# Alum....what a pleasent surprise



## ironman172 (Apr 12, 2009)

Marina boat ramp




























new Galena ramp.....nice when done!!!


----------



## fish4wall (Apr 14, 2004)

SWEET!!! thanks for the pics!!! i hope they get galena open soon  thanks bill


----------



## muskielou (Mar 22, 2012)

Thanks for the post and pictures. I'm hoping it will be open by Memorial day. Does anyone know? I don't even want to think about how crowded the other ramps will be if it's not open soon. It will definitely be a big and much needed improvement.


----------



## ironman172 (Apr 12, 2009)

muskielou said:


> Thanks for the post and pictures. I'm hoping it will be open by Memorial day. Does anyone know? I don't even want to think about how crowded the other ramps will be if it's not open soon. It will definitely be a big and much needed improvement.


marina is open, and very nice to put the boat in....took out a lot of the slope wider lanes I think, longer docks....added docks on the outside where it was just the concrete....was a real pleasure launching there compared to cheshire the sunday before


----------



## Marshall (Apr 11, 2004)

Yes i really liked the hollenback ramp at the marina. But if i have to complain about one thing here it is. As you pull into the lane and wait to launch. This is where everyone will prep their boat. There is not enough room to go past someone in this lane that is getting all their stuff ready. On a week day it will be no problem but during the weekend i can see alot of folks getting ticked at the people who take a half hour to put their stuff in the boat from their truck/suv. The ramp will be held up for people that are ready to use the ramps making the prep lane back up into the parking lot. People will eventually drive through the newly planted grass to get around the people prepping their boats. In my opinion a wider prep lane is needed. There was already ruts in the newly seeded lawn from this when i was there last week. Other than that i think it is really nice . Maybe im being picky but i have seen alum on a busy weekend.


----------



## MassillonBuckeye (May 3, 2010)

We rode past on Saturday afternoon and a bunch of people were taking out. Looked busy but organized and moved quick. Nice!


----------



## Lundy (Apr 5, 2004)

I launched at the new marina ramp twice last week.

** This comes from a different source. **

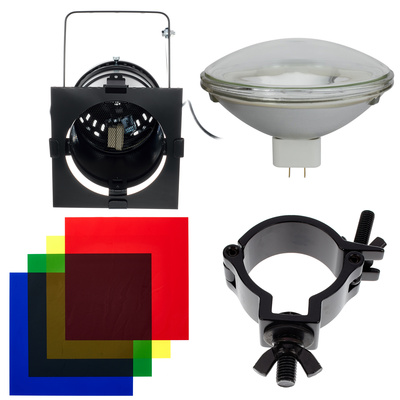 Stairville - Par 64 black long Bundle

It was very nice and not busy like the Cheshire ramp.

Maybe my boat is bigger or sits on the trailer different or something but the slope of the ramp is so gradual that there is no way to back in far enough to float the boat off and to still be able to reach the winch without wading 3' into the water.

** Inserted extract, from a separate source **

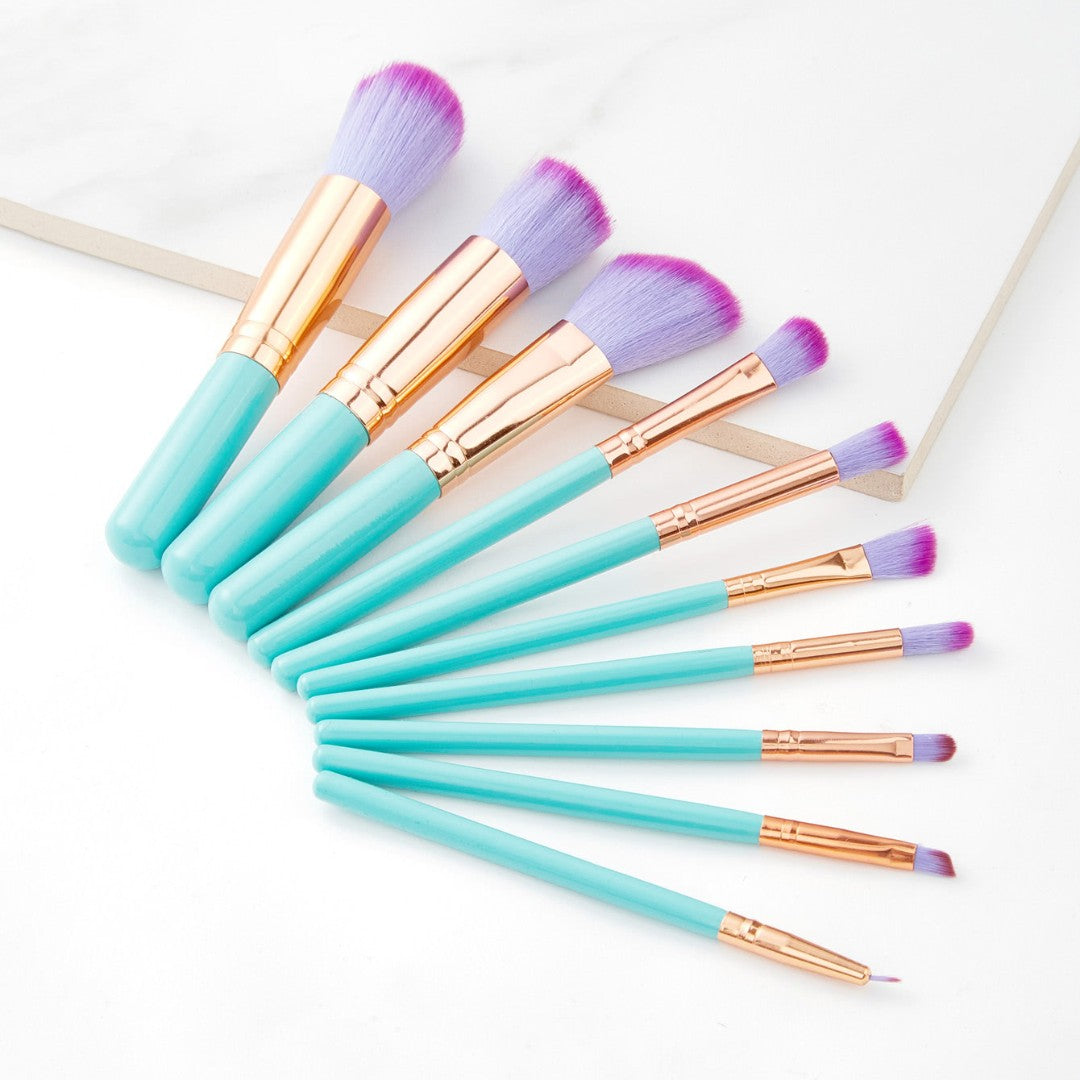 Half Mermaid Half Unicorn Brush Set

Same way when I loaded. The guy in the car can in no way hook up the front hook without wading through water to reach it. 

I think it needed to be a steeper angle ramp


----------



## Lazy 8 (May 21, 2010)

muskielou said:


> Thanks for the post and pictures. I'm hoping it will be open by Memorial day. Does anyone know? I don't even want to think about how crowded the other ramps will be if it's not open soon. It will definitely be a big and much needed improvement.



Lou- here's hoping you catch a 50 1/8 incher!


----------



## Muskarp (Feb 5, 2007)

I agree with both Marshall and Lundy. The set up is pretty, but has many faults. Poor entry to the lanes as stated by Marshall, poor grade of the ramps as stated by Lundy. I think they designed it for boats over 30'. I'll add another problem. It has the fewest parking spaces of the the three lower launch areas. Making the extra wide luxury lanes pretty useless if there is nowhere to park on a busy day. 

Plus it's Alum Creek. They'll take the docks out Sept 1st and not put them back in until April 30th. (To keep that pretty Brazilian Waxwood looking it's best) So we'll still be grounding our boats in the rocks for eight months of the year.


----------



## Muskarp (Feb 5, 2007)

MassillonBuckeye said:


> We rode past on Saturday afternoon and a bunch of people were taking out. Looked busy but organized and moved quick. Nice!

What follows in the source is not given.